Behind him, the sounds of Puck's diversionary chaos grew fainter—explosions of silver light and manic laughter that drew the attention of Valroy's outer defenses. Ahead lay only darkness and the promise of death.

Serrik welcomed both.

He moved through the undergrowth with the fluid grace of something that had never truly belonged to the world of sunlight and safety. His human glamour had long since fallen away, revealing the magnificent horror of his true form—seven spider legs carrying him forward with deadly precision, his multiple golden eyes tracking every shadow, every movement in the predatory forest around him.

The first attack came from above. A branch thick as a man's torso whipped downward with serpentine speed, its thorn-tipped end aimed at piercing his skull. Serrik didn't bother to dodge. Instead, he raised one hand and released a stream of golden threads that sliced through the attacking limb like hot wire through butter.

The severed branch hit the ground with a wet thud, already beginning to writhe and reform.

“Persistent,” he murmured, stepping over the twitching wood without breaking stride. “But pointless.” The clinical detachment in his voice did nothing to reflect the despair that drove him forward.

He warped space around him like he used to wield the Web. Walls of polished marble burst from the trees, bending them and twisting them as his creations merged with the Maze, fighting for dominance. But the Maze was not prepared for such an unexpected intruder, and it provided him a shortcut through the twisting labyrinth of thickets and trunks that pressed close together to cut off his passage.

More branches lashed out from all directions, the trees themselves awakening to his presence like a immune system recognizing an infection. Serrik moved through the assault with mechanical efficiency, his golden threads flowing from his fingers in complex patterns that turned the attacking forest into kindling. He made no effort to conserve his strength, no attempt to preserve himself for what lay ahead.

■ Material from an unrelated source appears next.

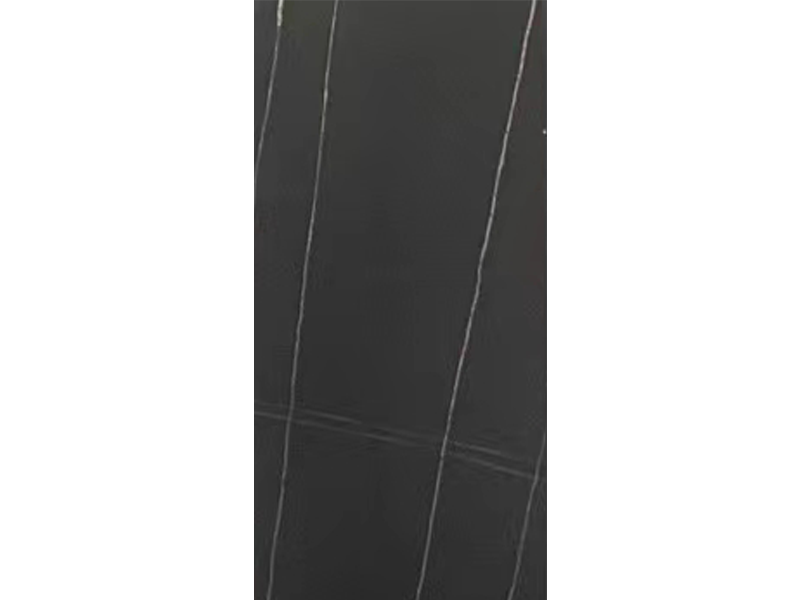 Porcelain Slab Countertop Powell Sintered Stone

Why should he? There was nothing waiting for him beyond this moment but the certainty of failure and loss.

A root erupted from the ground beneath his feet, thick as a python and studded with barbs that leaked venom. Serrik's response was instantaneous—threads shot downward, wrapping around the root and contracting with enough force to crush stone. The root severed with a sound like breaking bone, its poisonous sap spraying across his legs. Where it touched his chitinous skin, it hissed and steamed, but the pain he felt was insignificant. Irrelevant.

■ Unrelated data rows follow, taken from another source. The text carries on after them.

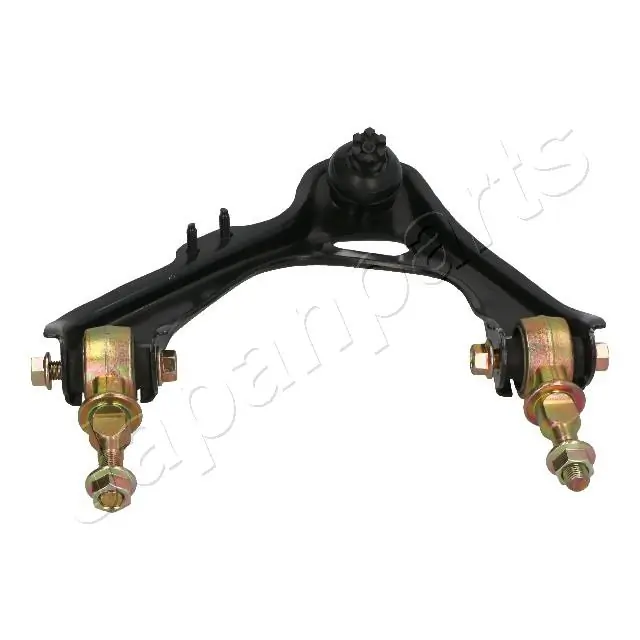 BS428L Japan Parts Рычаг передней подвески верхний левый
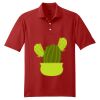 Dri FIT Classic Polo Thumbnail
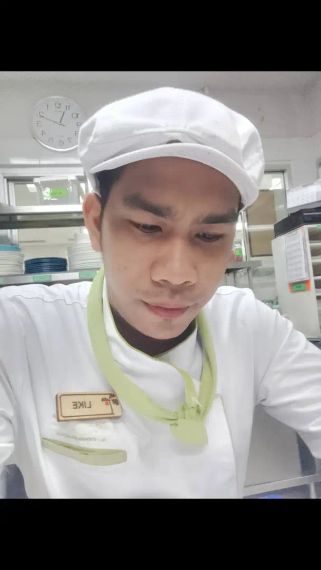 แชท หาเพื่อนคุย  ที่อยู่  พังงา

The deeper he went, the more aggressive the forest became.Thorned vines whipped through the air like flails, flowers opened to reveal rows of needle teeth, and the very ground itself seemed to shift and buckle beneath his feet. Each attack was met with the same cold efficiency—golden threads that cut, bound, and destroyed with mechanical precision.

A cluster of trees ahead began to move, their trunks splitting open to reveal hollow chambers lined with digestive acids. They swayed toward him like enormous pitcher plants, ready to engulf and dissolve anything foolish enough to venture too close. He did not hesitate slow down.

Instead, he began to murmur a spell to himself, his threads forming an intricate web between the predatory trees. When he was finished, he simply walked forward.